Required labels/metadata:

  • Patient name and ID (auto-populated from PIMS when integrated)
  • Date and time of exposure (auto-populated from the system clock)
  • Clinic/hospital name
  • Left/right marker — placed on the patient or the detector at the time of exposure, not added digitally afterward (digital markers can be moved or misrepresented; physical markers are the standard of care in radiology)
  • Technician initials (for internal tracking and QA)

The IDEXX PACS Operator's Guide warns that "for best image quality, the body part that you are imaging must match the selected shot. The shot type determines image processing values and image orientation." Selecting the wrong shot type in the software applies the wrong processing algorithm and orientation — an error that may not be visually obvious but degrades diagnostic quality.

Step 6: Equipment QC

Daily

  • Inspect the detector panel (DR) or cassette (CR) for damage, dirt, or moisture. Clean per manufacturer instructions.
  • Confirm the x-ray tube and collimator are functioning. Check that the collimator light field matches the radiation field (a misaligned collimator means the beam is exposing tissue outside the intended field).

Quarterly

  • Review exposure-index trends across all study types. Investigate any systematic shift.
  • Review the retake log. Identify the top retake reasons and the top retake views.
  • Verify the technique chart against current EI data. Adjust kVp/mAs if EI has drifted from targets.

Annually

  • Schedule a qualified medical physicist or manufacturer service to perform:
    • Output calibration (kVp accuracy, mAs linearity, half-value layer)
    • Collimation and light-field alignment
    • Exposure-index calibration
    • Spatial resolution test (if applicable)
  • The ACVR states: "Equipment quality control must be included in these protocols, including monitoring all personal protective equipment (PPE) at least once yearly for evidence of cracking or leaks."

PPE inspection

Lead aprons, gloves, and thyroid shields must be inspected annually for cracks, tears, and delamination. The ACVR recommends fluoroscopy or radiographic inspection of all PPE at least yearly. Damaged PPE must be replaced immediately — it provides a false sense of protection while allowing radiation through the defect.

Building the QA program

A functional digital radiography QA program in a veterinary practice has four components:

  1. Written protocol. A document that specifies: retake-rate target (≤5%), retake-logging procedure, exposure-index targets by study type, technique chart, sedation policy, positioning-coaching schedule, equipment QC schedule, and PPE inspection schedule.
  2. Retake log. Paper or digital, reviewed monthly by the radiation safety officer or medical director.
  3. Quarterly audit. A 50-image review scored by a veterinarian, with per-technician feedback.
  4. Annual equipment inspection. Performed by a qualified service provider, documented in the equipment maintenance log.

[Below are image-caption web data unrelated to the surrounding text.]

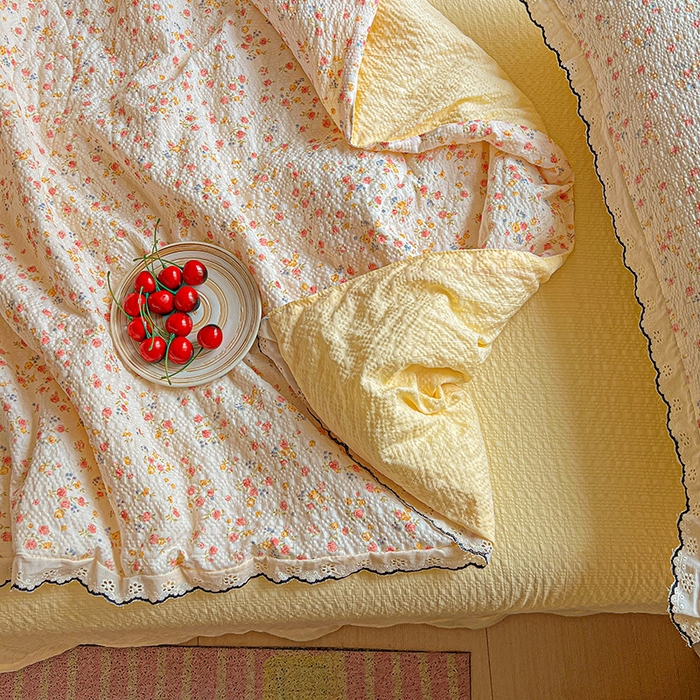 91家纺网 家纺一手货源 找家纺 （总）一比一家纺 2026新款法式花边泡芙纱夏被四件套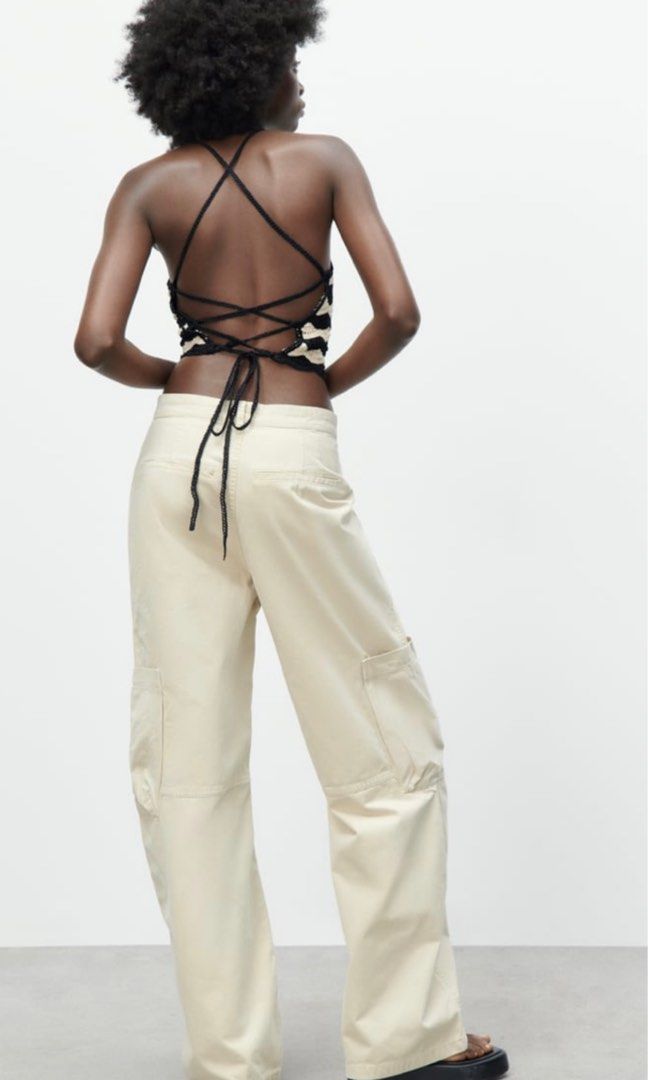 zara crochet halter top cropped top （分類：背心）位於 Hong Kong。 由 vanvan05 提交（商品編號 1316756018，圖片 2）。簡介： Op: hkd 299 New with tag Size: S Good for summer 可自行調節鬆緊及長度 圖7為網紅穿著同款上衣。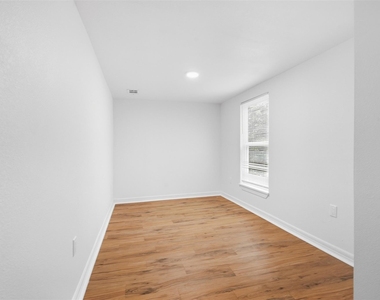 920 E Chaffin Street - Photo Thumbnail 14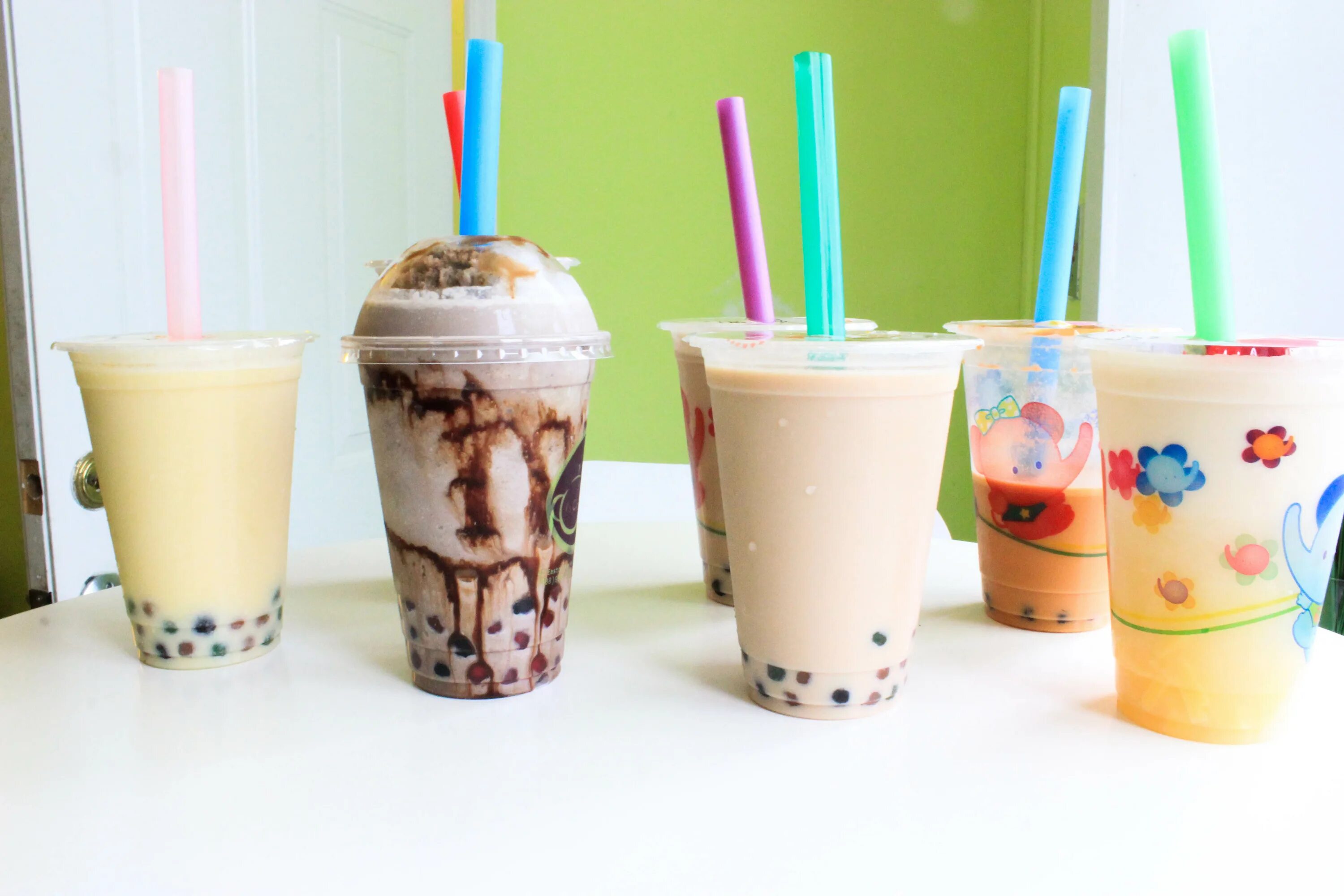 Тапиока Bubble Tea. Шарики тапиоки для Bubble Tea. Напиток бабл ти. Коктейль бабл ти.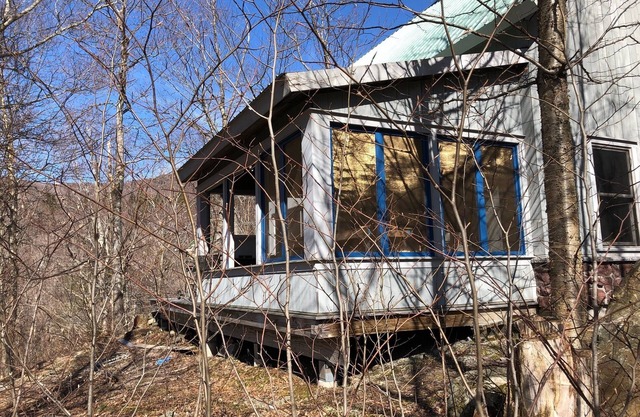 Off-grid Cabin with modern amenities next to National Forest and Trails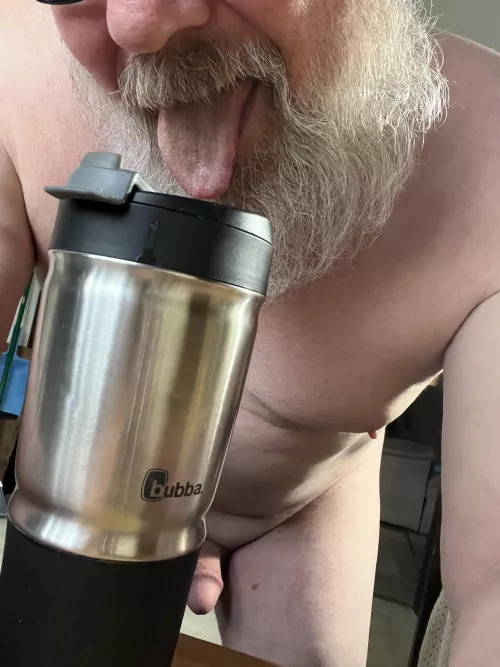 [M] Good morning and happy Thursday to you..yes you😊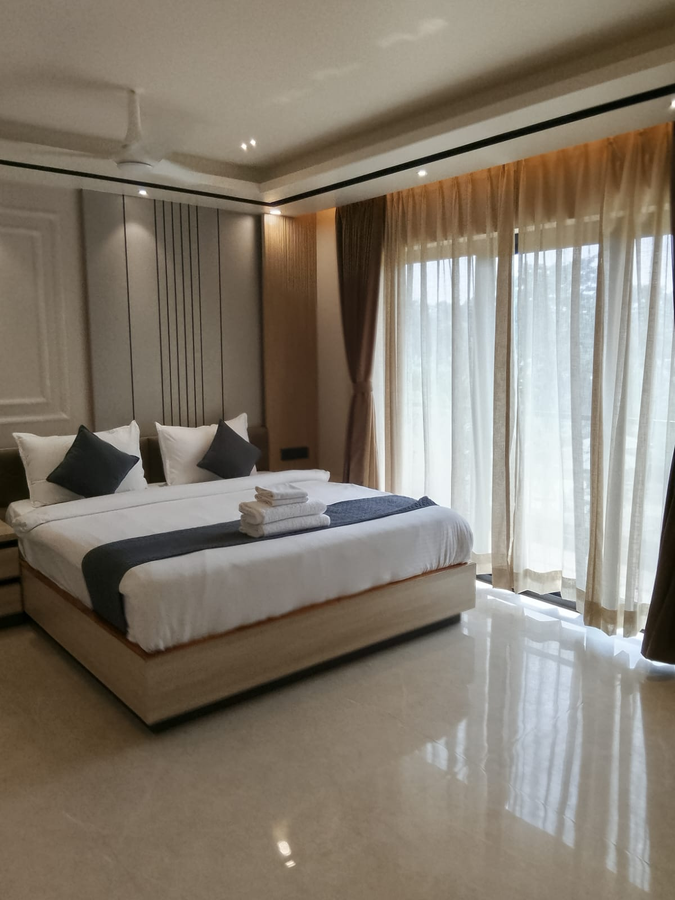 resort trimurti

The New Zealand veterinary radiation compliance guide requires that "managing entities need to establish a quality assurance programme as part of their protection and safety management system" and that "quality programmes must be documented in writing, noting protocols and frequencies for each check and test." This is a regulatory requirement in many jurisdictions and an AAHA-accreditation expectation in the United States.